Some of the best ideas weren't even planned:

  • Team based packs: Each team at our company can now cerate and maintain their own assessments independently.
  • Multilanguage support: English and Swedish built right in.
  • Consistent design: Every report follows the same layout and color theme.
  • Automation hooks: Automatic detection of missing modules or permissions.
  • Portable reports: JSON outputy for future analysis and cross-tool integration.

I started this as a replacement for Maester.
I ended up with something that can scale across teams, service areas, and customers - all while being fun to use and easy to extend.

Reflection - AI as a co-pilot, not a shortcut

Let's get one thing straight:
AI didn't do it all. I still spent plenty of time tweaking code, testing logic, and changing my mind about how something should work.

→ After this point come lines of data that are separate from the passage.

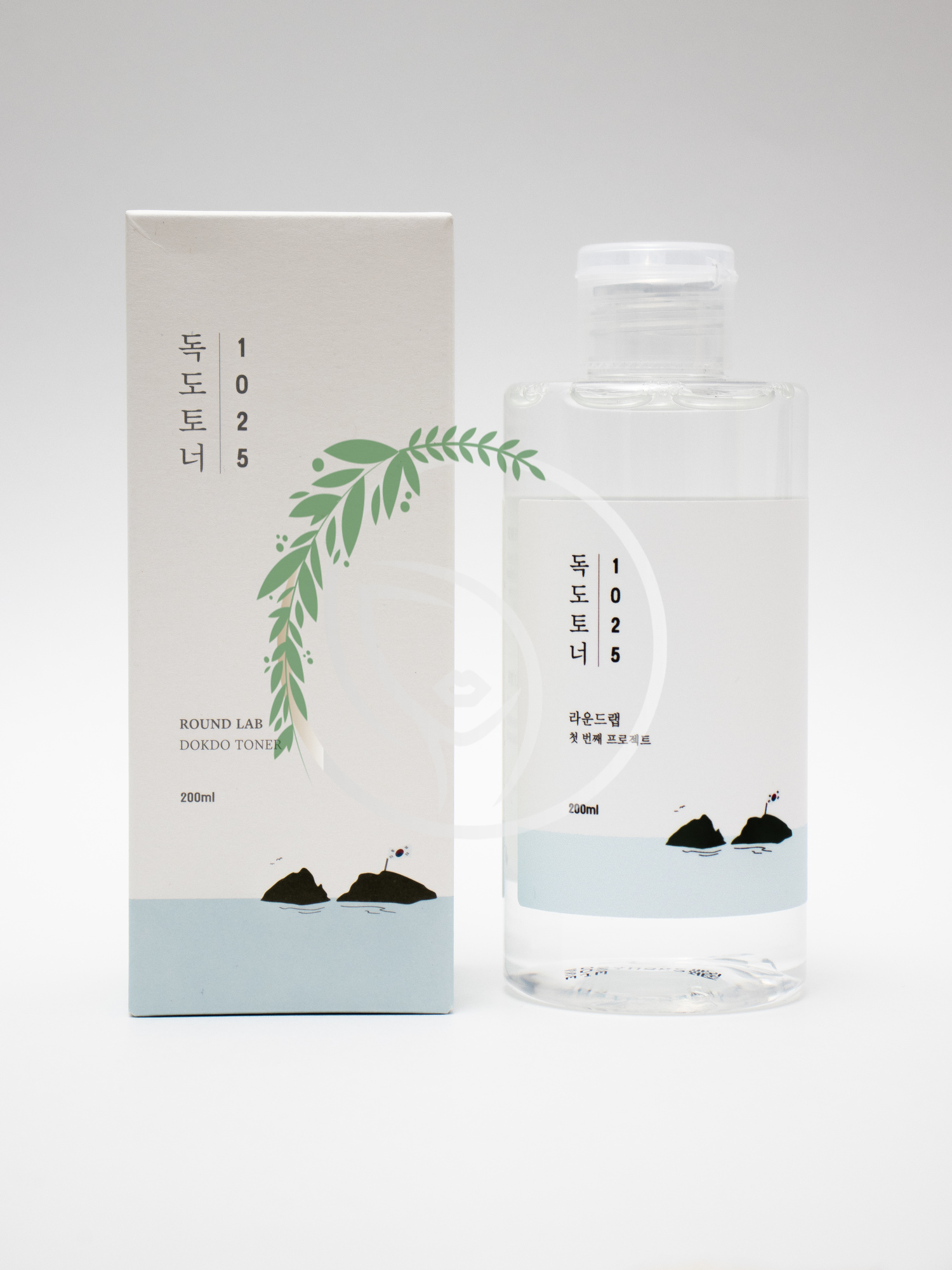Отшелушивающий тонер с морской водой Round Lab 1025 Dokdo Toner 200ml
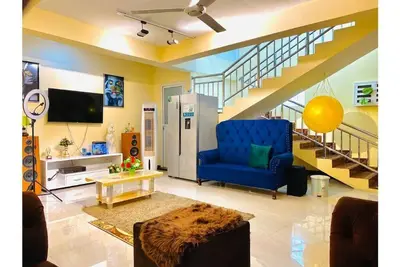 ''Unique and Private Modern Home, Entire House''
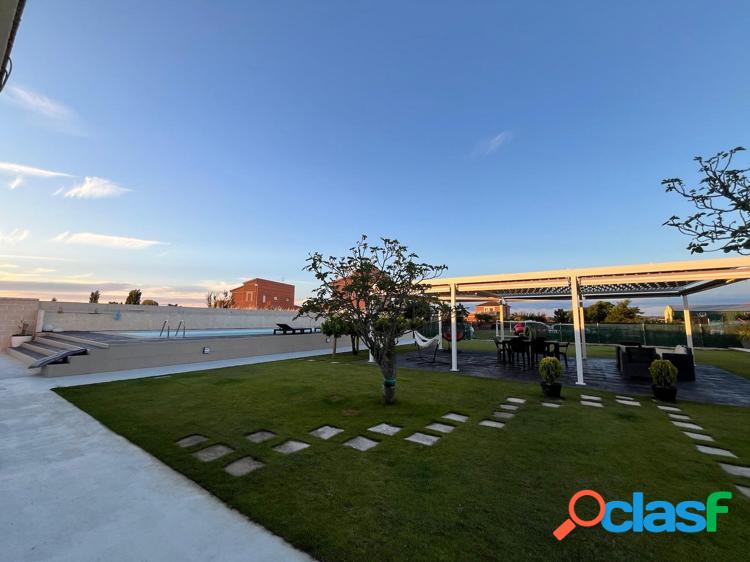 VENTA CHALET NAHARROS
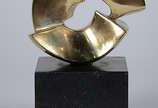 BRUNO GIORGI - Estatueta de bronze representand... - BRUNO GIORGI - Estatueta de bronze representando meteoro, base de mármore. Altura total 29 cm. Assinado B.G.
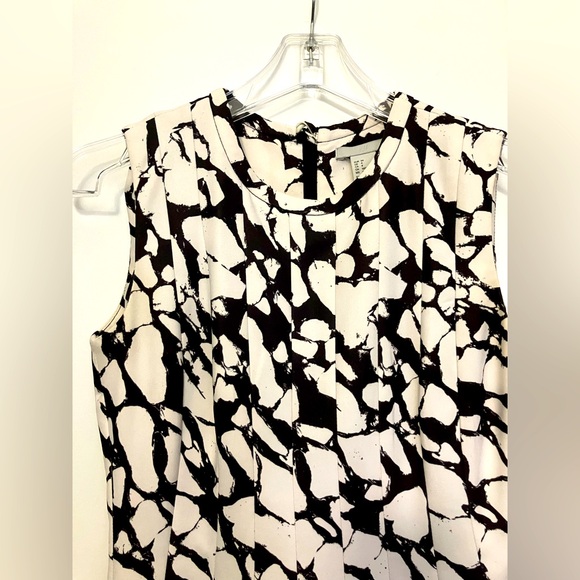 Pleated Sleeveless Dress Mid Length Marbled Pattern - Picture 5 of 6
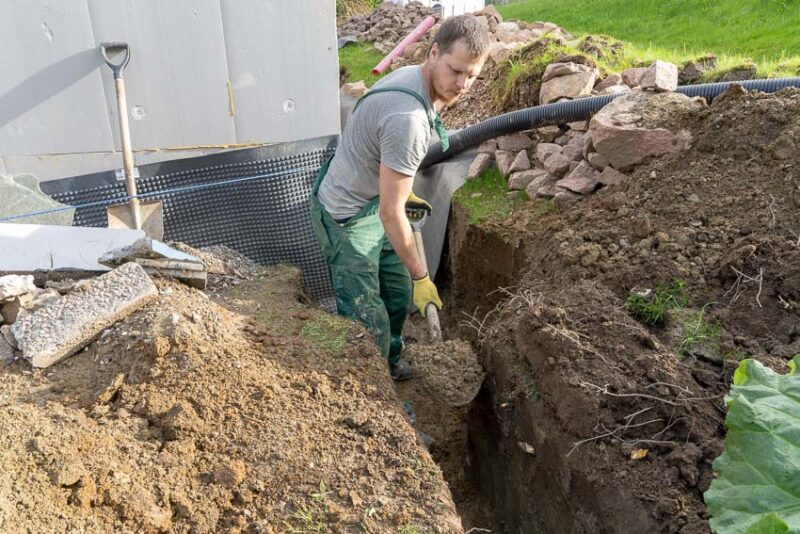 cost of hiring a professional to install a french drain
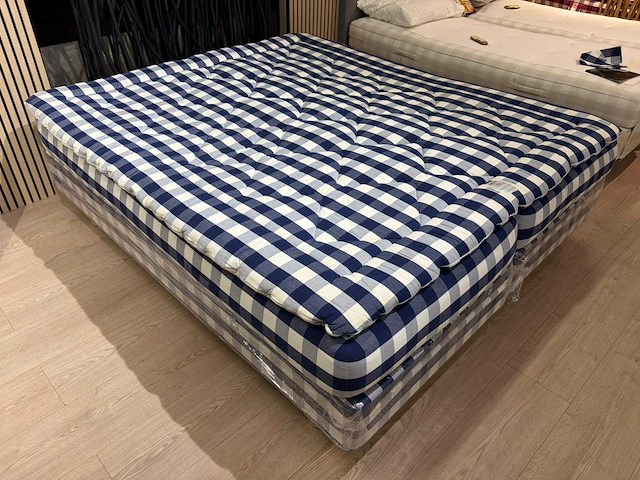 Hästens boxspring 180x220 bed - afbeelding 6 van  11
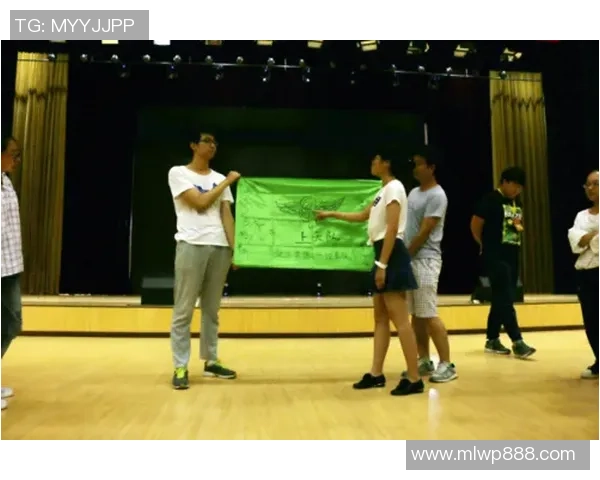 从马克思哲学视角解读穿越火线中团队协作与个人价值实现路径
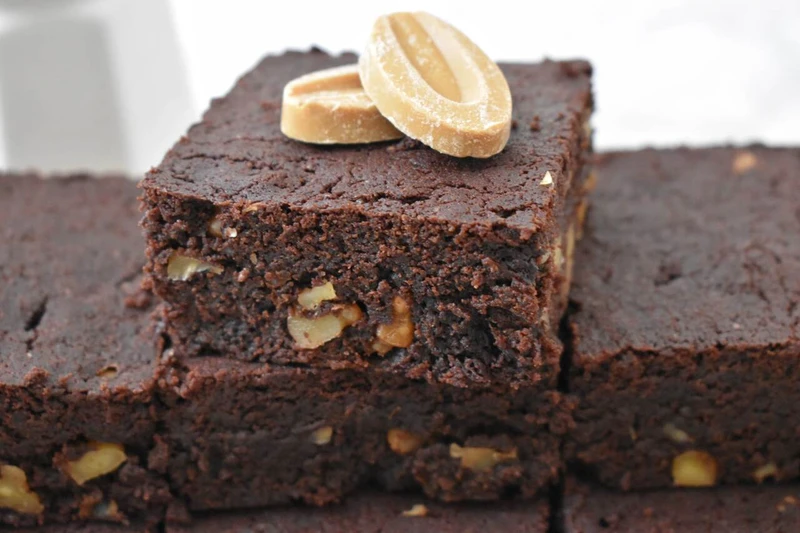 Czekoladowe brownie z orzechami włoskimi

But it accelerated everything.
It allowed me to move from conecpt to working prototype in days, not weeks or months.
It challenged my assumptions, kept the structure clean, and yes - occassionaly made errors.

Most of the work was done during a time were I wasn't physically well, whatever bug I got it took away a lot of energy, but seeing the quick progress kept me going. Without AI, I wouldn't have accomplished much during these late evenings.

What's next

This engine hasn't gone live, yet. My old solution, that builds on top of Maester is currently in use. But it won't be for much longer, thanks to AI.